▶ [Exercise instructions] Give an exact copy of the lines from the beginning of the listing below to the "For registration, log" line, inclusive.

Exercise materials section start

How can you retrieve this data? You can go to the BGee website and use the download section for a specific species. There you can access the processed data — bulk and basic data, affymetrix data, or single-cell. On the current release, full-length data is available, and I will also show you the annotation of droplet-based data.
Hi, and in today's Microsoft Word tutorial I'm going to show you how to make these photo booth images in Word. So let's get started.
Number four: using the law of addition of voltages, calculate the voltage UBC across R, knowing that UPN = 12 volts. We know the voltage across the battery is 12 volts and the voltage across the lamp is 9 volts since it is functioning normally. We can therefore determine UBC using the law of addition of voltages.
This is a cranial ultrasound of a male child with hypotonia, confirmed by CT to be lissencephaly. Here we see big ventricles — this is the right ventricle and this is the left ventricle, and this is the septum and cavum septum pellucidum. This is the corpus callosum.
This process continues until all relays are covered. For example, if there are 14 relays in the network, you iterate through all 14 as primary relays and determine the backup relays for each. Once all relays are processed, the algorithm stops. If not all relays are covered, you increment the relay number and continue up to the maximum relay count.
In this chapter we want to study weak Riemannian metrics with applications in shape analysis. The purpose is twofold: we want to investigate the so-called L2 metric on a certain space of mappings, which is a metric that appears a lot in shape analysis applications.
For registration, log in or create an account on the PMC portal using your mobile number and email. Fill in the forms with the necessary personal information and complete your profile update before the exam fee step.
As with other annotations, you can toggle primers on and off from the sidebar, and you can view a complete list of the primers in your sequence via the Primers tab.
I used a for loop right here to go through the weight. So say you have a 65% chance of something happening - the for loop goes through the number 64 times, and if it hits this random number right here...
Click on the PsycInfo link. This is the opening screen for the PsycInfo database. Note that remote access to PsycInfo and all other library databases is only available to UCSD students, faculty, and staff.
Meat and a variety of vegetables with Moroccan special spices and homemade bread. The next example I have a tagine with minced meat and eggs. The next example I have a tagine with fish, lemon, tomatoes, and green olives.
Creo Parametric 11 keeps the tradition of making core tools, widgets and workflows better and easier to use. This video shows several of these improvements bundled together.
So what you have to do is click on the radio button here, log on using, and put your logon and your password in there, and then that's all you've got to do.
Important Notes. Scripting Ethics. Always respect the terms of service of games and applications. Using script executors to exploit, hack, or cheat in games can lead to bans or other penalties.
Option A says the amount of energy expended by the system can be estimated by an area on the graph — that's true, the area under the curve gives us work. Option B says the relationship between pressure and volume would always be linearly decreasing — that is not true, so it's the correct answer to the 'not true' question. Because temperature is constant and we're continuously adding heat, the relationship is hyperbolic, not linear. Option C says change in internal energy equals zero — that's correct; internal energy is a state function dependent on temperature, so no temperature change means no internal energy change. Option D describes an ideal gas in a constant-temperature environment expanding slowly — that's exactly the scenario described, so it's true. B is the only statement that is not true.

Exercise materials section end

▶ [Completed exercise]
How can you retrieve this data? You can go to the BGee website and use the download section for a specific species. There you can access the processed data — bulk and basic data, affymetrix data, or single-cell. On the current release, full-length data is available, and I will also show you the annotation of droplet-based data.
Hi, and in today's Microsoft Word tutorial I'm going to show you how to make these photo booth images in Word. So let's get started.
Number four: using the law of addition of voltages, calculate the voltage UBC across R, knowing that UPN = 12 volts. We know the voltage across the battery is 12 volts and the voltage across the lamp is 9 volts since it is functioning normally. We can therefore determine UBC using the law of addition of voltages.
This is a cranial ultrasound of a male child with hypotonia, confirmed by CT to be lissencephaly. Here we see big ventricles — this is the right ventricle and this is the left ventricle, and this is the septum and cavum septum pellucidum. This is the corpus callosum.
This process continues until all relays are covered. For example, if there are 14 relays in the network, you iterate through all 14 as primary relays and determine the backup relays for each. Once all relays are processed, the algorithm stops. If not all relays are covered, you increment the relay number and continue up to the maximum relay count.
In this chapter we want to study weak Riemannian metrics with applications in shape analysis. The purpose is twofold: we want to investigate the so-called L2 metric on a certain space of mappings, which is a metric that appears a lot in shape analysis applications.
For registration, log in or create an account on the PMC portal using your mobile number and email. Fill in the forms with the necessary personal information and complete your profile update before the exam fee step.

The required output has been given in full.